▶ Work task: The number of lines holding "Plug" in the listing below is all you should give.

▶ Task inputs:

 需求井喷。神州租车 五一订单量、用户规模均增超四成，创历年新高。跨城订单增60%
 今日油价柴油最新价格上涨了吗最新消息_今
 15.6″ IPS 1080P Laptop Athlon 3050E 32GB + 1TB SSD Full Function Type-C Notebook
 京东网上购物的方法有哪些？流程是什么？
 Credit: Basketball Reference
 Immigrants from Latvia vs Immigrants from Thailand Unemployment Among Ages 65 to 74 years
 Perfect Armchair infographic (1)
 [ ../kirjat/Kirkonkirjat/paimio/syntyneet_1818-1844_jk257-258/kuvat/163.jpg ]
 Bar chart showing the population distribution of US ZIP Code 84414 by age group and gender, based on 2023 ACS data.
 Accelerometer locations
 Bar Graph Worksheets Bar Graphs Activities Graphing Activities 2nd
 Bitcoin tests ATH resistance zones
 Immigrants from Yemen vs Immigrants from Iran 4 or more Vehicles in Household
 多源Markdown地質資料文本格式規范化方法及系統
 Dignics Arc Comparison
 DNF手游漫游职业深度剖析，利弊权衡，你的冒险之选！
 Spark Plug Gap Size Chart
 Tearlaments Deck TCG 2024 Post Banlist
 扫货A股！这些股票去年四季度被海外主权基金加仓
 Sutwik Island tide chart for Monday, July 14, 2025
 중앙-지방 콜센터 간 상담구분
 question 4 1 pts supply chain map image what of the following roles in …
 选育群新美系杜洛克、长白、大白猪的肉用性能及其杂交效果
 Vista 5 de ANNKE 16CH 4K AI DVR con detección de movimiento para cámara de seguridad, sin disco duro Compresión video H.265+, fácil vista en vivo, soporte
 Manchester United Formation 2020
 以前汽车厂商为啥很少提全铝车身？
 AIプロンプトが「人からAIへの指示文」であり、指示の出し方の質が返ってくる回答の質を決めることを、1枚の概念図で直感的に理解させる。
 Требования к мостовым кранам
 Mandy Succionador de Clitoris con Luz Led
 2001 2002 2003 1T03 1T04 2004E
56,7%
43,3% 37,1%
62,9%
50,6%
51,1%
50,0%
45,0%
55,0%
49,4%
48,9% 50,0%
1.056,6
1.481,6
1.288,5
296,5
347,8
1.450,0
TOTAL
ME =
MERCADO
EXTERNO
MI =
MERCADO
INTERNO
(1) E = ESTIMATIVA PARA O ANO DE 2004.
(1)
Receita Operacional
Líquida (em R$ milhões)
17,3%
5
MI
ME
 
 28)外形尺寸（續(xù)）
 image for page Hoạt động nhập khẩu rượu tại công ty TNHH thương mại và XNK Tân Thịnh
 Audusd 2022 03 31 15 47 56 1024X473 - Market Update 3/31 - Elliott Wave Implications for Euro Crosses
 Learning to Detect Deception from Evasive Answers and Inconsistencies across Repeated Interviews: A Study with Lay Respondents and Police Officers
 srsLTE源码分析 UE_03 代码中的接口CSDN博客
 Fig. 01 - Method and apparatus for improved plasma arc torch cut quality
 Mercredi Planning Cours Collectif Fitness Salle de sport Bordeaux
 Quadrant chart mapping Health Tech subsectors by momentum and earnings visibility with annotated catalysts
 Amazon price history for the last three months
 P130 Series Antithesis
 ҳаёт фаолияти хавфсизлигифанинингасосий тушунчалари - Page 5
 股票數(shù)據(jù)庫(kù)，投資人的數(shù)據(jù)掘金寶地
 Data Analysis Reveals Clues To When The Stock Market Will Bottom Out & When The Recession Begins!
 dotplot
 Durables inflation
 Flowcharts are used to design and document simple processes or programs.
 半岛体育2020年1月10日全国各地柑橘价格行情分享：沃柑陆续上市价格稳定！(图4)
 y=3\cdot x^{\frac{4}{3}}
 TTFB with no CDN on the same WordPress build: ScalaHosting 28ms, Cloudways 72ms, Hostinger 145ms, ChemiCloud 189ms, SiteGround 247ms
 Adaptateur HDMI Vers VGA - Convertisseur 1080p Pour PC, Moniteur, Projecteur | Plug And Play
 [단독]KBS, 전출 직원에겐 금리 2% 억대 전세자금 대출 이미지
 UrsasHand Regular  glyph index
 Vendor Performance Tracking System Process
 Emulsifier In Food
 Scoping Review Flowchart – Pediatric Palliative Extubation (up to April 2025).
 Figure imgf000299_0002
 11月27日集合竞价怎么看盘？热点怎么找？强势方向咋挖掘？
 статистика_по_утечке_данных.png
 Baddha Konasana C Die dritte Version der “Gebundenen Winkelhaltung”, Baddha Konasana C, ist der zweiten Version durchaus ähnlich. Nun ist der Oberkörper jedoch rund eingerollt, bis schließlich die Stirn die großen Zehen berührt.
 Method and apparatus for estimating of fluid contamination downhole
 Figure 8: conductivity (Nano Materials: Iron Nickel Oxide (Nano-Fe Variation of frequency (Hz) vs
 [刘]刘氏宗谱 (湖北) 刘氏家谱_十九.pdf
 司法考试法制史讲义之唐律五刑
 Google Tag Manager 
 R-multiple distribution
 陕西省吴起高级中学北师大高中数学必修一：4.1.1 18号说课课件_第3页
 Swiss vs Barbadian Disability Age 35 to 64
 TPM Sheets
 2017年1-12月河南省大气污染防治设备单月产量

▶ Task result: 2